WORK REQUIRED
Although pictures appear in the data, the answer should contain only the lines from its start through the line with "Woman working out", written out exactly.

Crawled caption data
◇ ◇ ◇ ◇
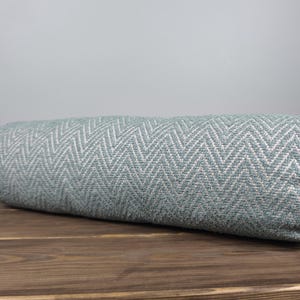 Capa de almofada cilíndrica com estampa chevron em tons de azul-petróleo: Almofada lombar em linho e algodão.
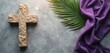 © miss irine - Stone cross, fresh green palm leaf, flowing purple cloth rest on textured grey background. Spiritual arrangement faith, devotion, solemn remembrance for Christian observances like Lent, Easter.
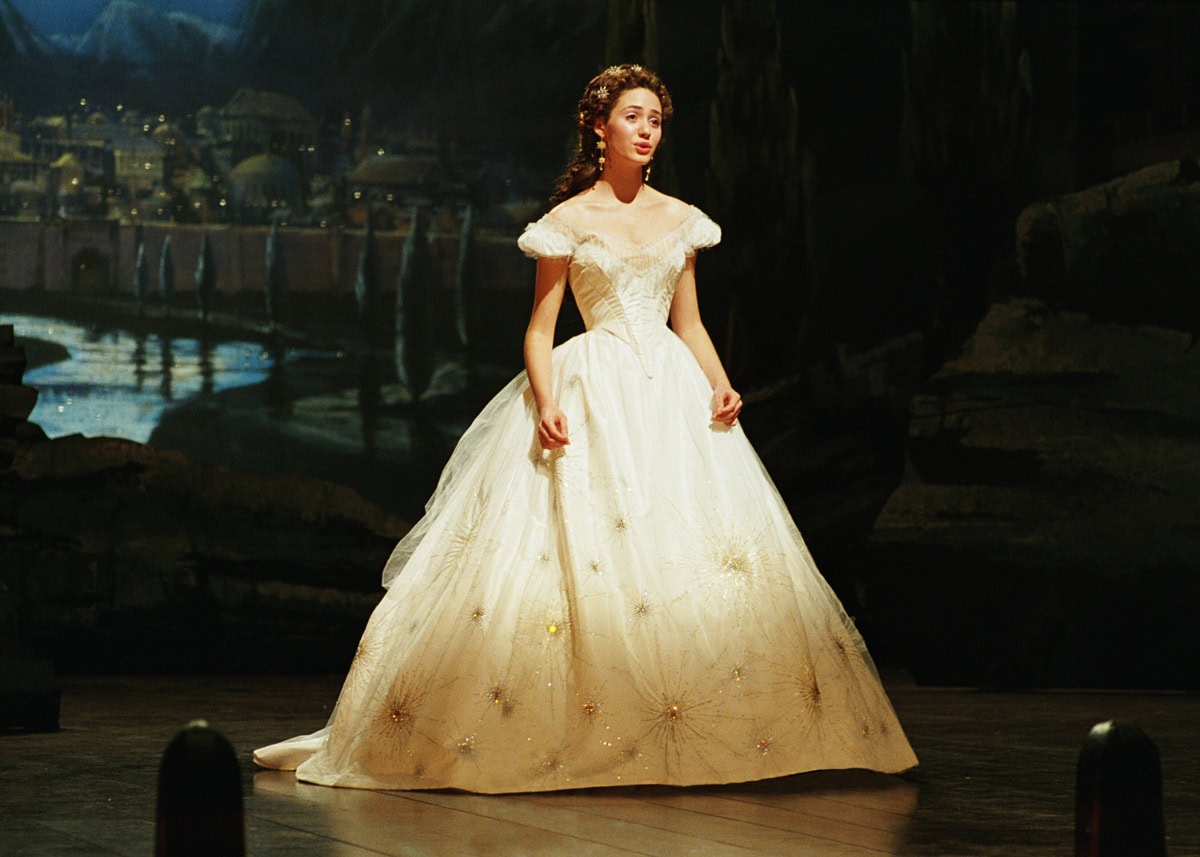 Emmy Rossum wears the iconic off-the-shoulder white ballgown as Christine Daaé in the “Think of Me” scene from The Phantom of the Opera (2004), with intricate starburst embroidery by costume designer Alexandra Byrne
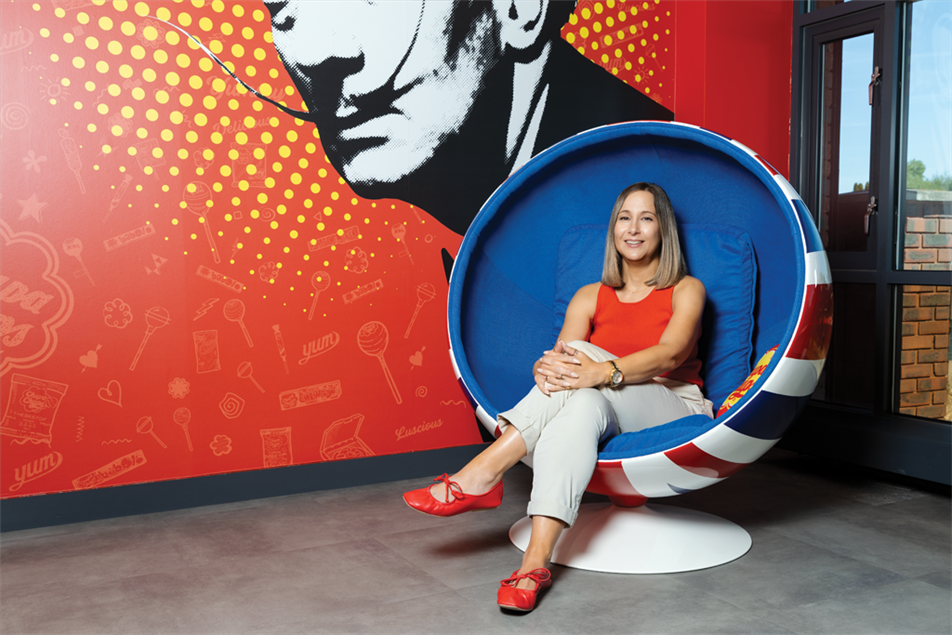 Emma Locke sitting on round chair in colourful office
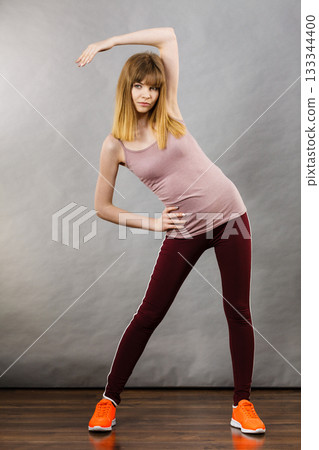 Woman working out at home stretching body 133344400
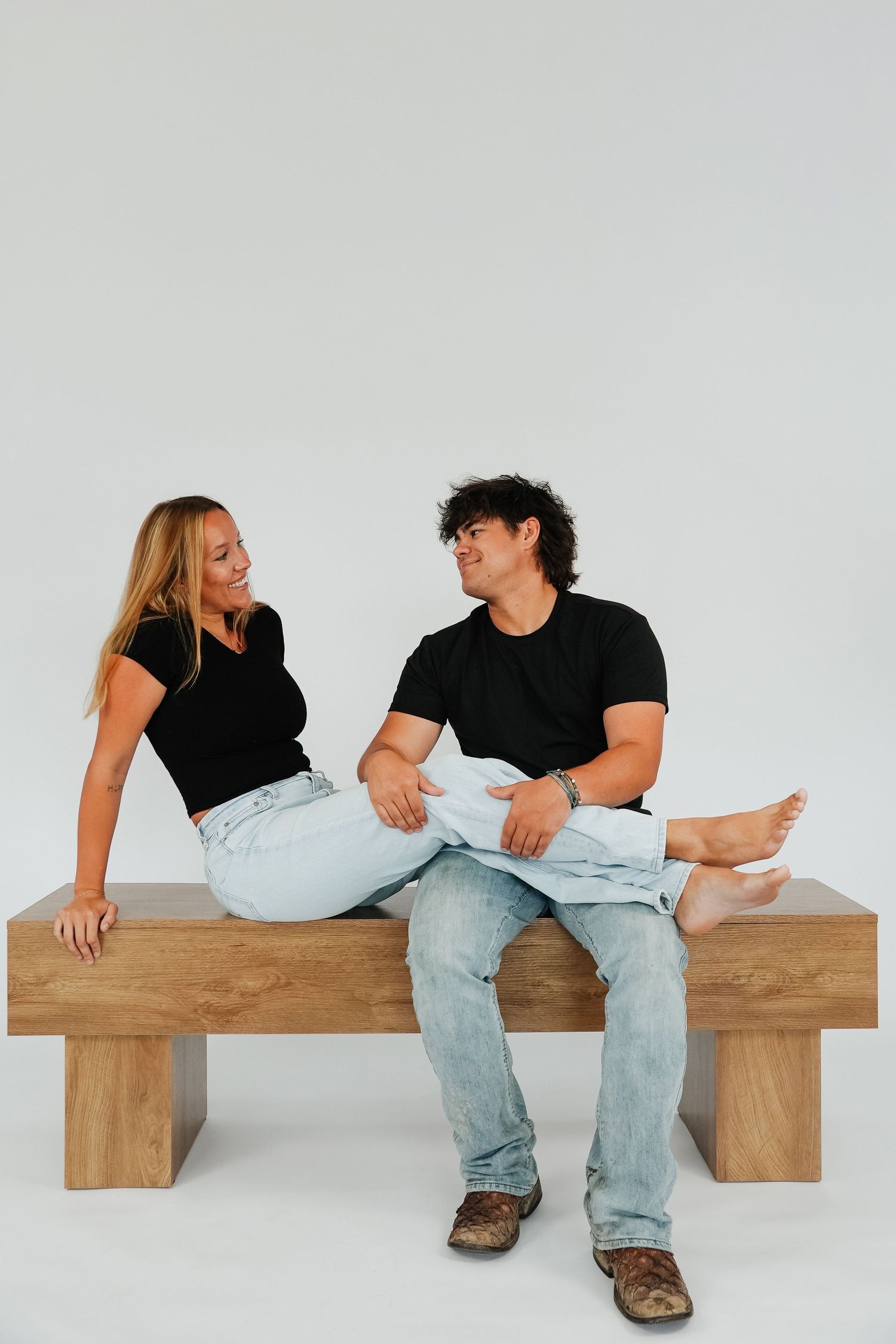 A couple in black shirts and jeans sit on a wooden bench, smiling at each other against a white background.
◇ ◇ ◇ ◇
RESPONSE BELOW
 Capa de almofada cilíndrica com estampa chevron em tons de azul-petróleo: Almofada lombar em linho e algodão.
 © miss irine - Stone cross, fresh green palm leaf, flowing purple cloth rest on textured grey background. Spiritual arrangement faith, devotion, solemn remembrance for Christian observances like Lent, Easter.
 Emmy Rossum wears the iconic off-the-shoulder white ballgown as Christine Daaé in the “Think of Me” scene from The Phantom of the Opera (2004), with intricate starburst embroidery by costume designer Alexandra Byrne
 Emma Locke sitting on round chair in colourful office
 Woman working out at home stretching body 133344400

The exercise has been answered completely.